Over the past two months, the Assam government has launched a renewed, aggressive campaign of evictions, violently displacing Muslims and indigenous communities from lands they have lived on for decades.

CPI(ML) has demanded an immediate halt to the ongoing eviction drives and police violence unleashed by the BJP-led Assam government on the aggrieved victims of eviction drive. Under the guise of forest protection and targeting of so-called illegal infiltrators, the government is waging a ruthless campaign of corporate land grab and ethnic cleansing, targeting Muslims and other marginalised communities. The July 17 killing in the Paikan area of Goalpara, where police opened fire on protesting residents, killing two persons exposed the inhumanity and complete impunity with which the BJP regime is executing this eviction drive. 

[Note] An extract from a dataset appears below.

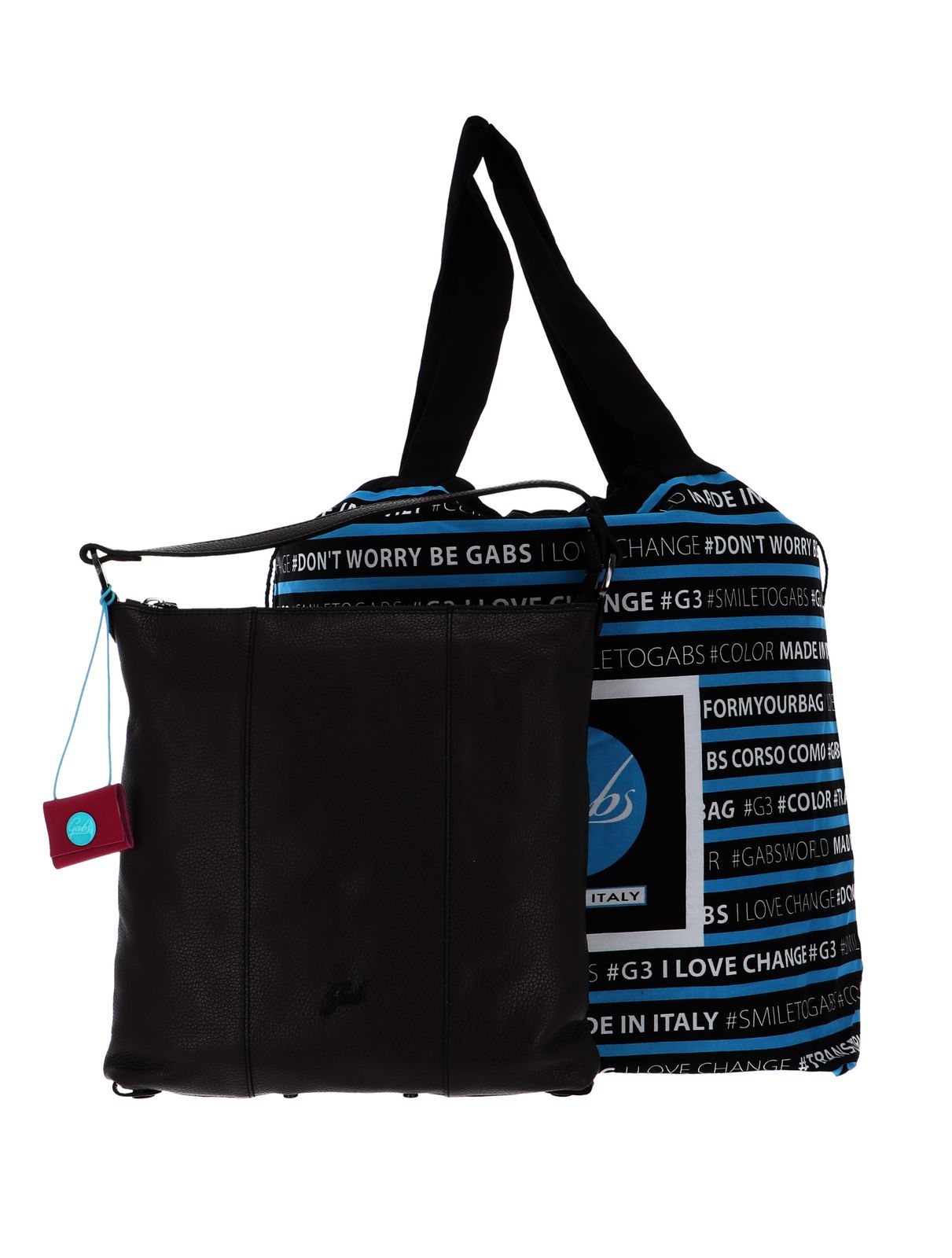 Gabs Sofia Shoulderbag M Ebano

On 16 July a CPIML fact-finding team visited Ashudubi village in the same district where more than 1100 houses were demolished by employing at gunpoint more than 60 bulldozers.  The team consisted of Member of Parliament Sudama Prasad, party’s Assam State Secretary Bibek Das, central committee members Manoj Manzil, ex-MLA from Bihar, and Balindra Saikia along with Pankaj Kumar Das, Anant Hazarika and Subhash Singh. The team observed that many trenches had been dug by bulldozers surrounding the village to prevent any humanitarian help for the homeless villagers. The victims are poor peasants and working class Muslim families who were living in this village for 60-70 years. It is also reported that one person Sheikh Monirul Islam committed suicide under desperation after the eviction notice was served to him. Another person, Anaruddin Sheikh died of a heart attack while his house was being demolished.

The team said that the eviction drive on 12 July 2025 was conducted in a war like manner in violation of the Guwahati High Court directive that prohibits evictions without any rehabilitation measures. The area under Ashudubi has been inhabited for many decades also housing so many government buildings, but to justify evictions this was renamed Paikan only to associate it with the reserve forest of the same name.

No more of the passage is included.